Former Bears linebacker and union rep Hunter Hillenmeyer (left) has been writing columns for NBCChicago.com regarding the players’ perspective on the current labor dispute.
In his latest, Hillenmeyer, who was involved in the negotiations that fell apart 22 days ago, admits that the players refused the league’s offer of limited financial information for one reason only — P.R.
“It’s true, the NFL did offer some financial info towards the end of mediation,” Hillenmeyer writes. “We rejected it, not because nothing is better than something, which it is not, but because the perception would then be that we got what we needed.”
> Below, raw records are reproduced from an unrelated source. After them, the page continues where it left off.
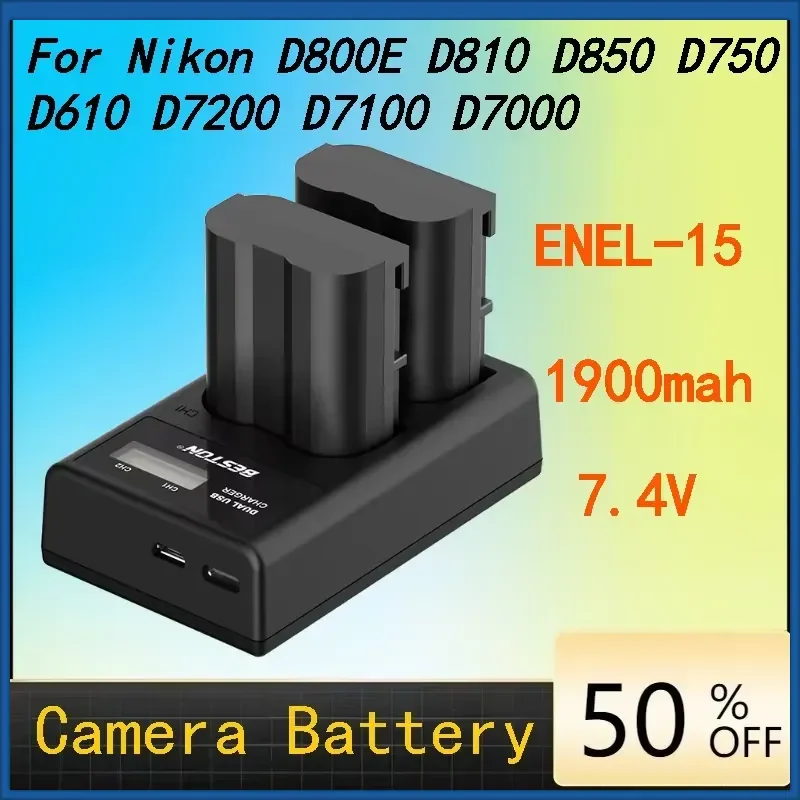1900mAh EN-EL15 Battery Compatible with Nikon D800E D810 D850 D750 D610 D7200 D7100 D7000 Cameras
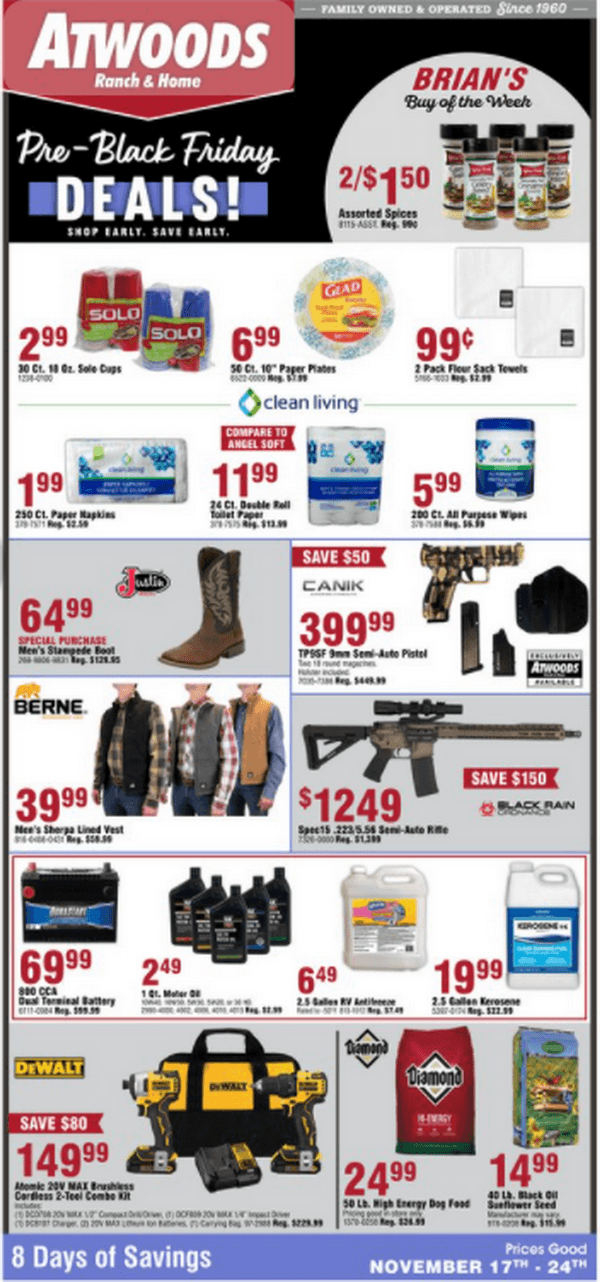 Atwoods Black Friday Ad Nov 17 Nov 24, 2021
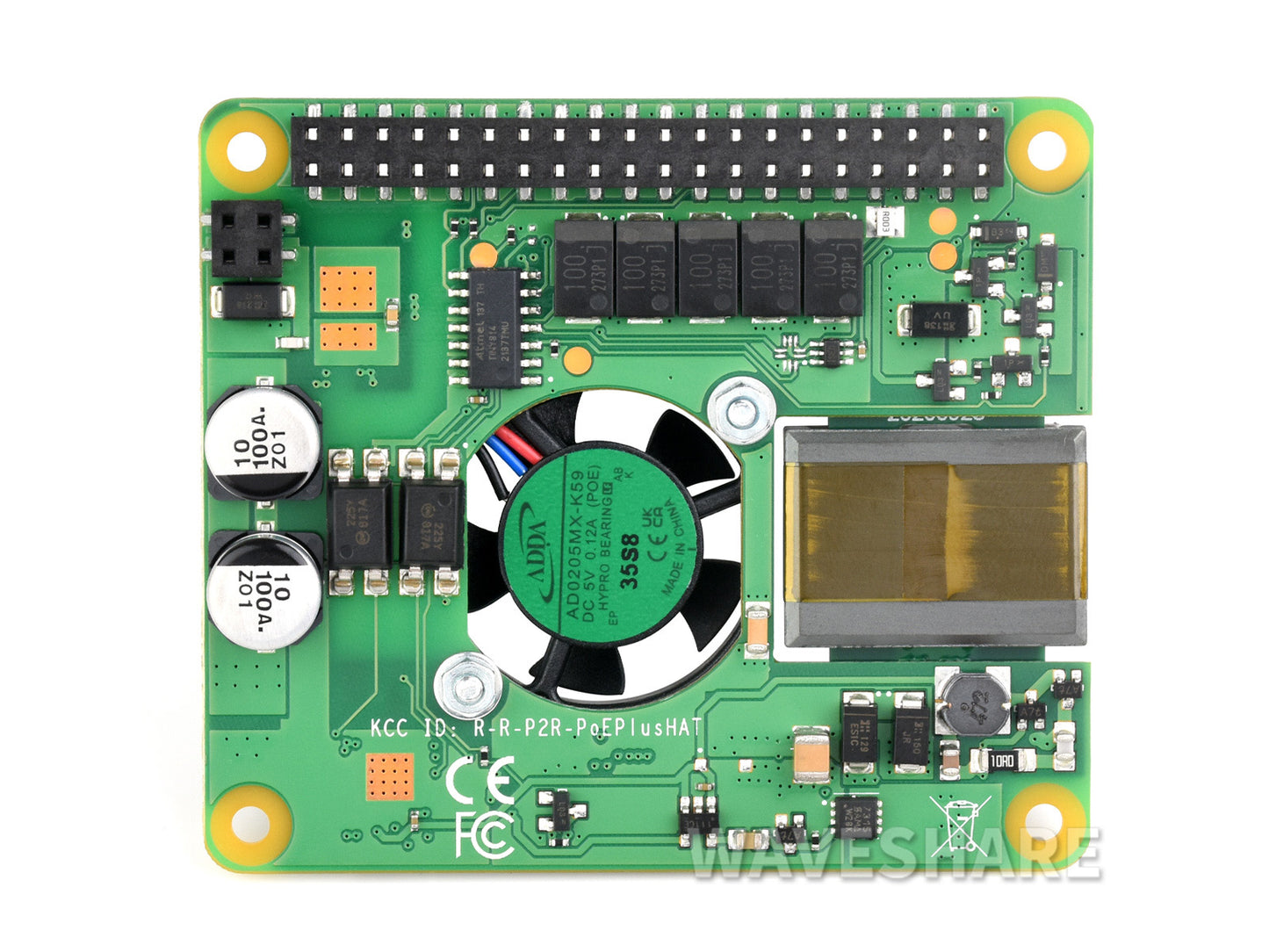 Raspberry Pi PoE+ HAT for Raspberry Pi 3B+/4B, 802.3af/at-compliant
Sorry, but that’s not a good enough reason. With an affirmative P.R. campaign, the players could have gotten in front of the league’s spin and explained that, even though much more information is ultimately needed, the players decided to take a look at what the NFL was offering. At a minimum, looking at the limited information could have made it easier to explain why the limited information wasn’t nearly enough.
And, frankly, it wasn’t nearly enough. Listing the total profits for five years across all 32 teams and then identifying the raw number of teams that experienced a dip in profits doesn’t cut it. The players need to be able to scrutinize profits listed as profits and profits that may be masquerading as expenses, such as salary paid to the owner or his family members, and payments to companies owned by the owner’s family.
Though Hillenmeyer suggests near the end of his column that a middle ground possibly exists between what the owners offered and the 10 years of audited financial statements that the players have consistently requested since May 2009, Hillenmeyer pooh-poohs the impact of making reduced profits.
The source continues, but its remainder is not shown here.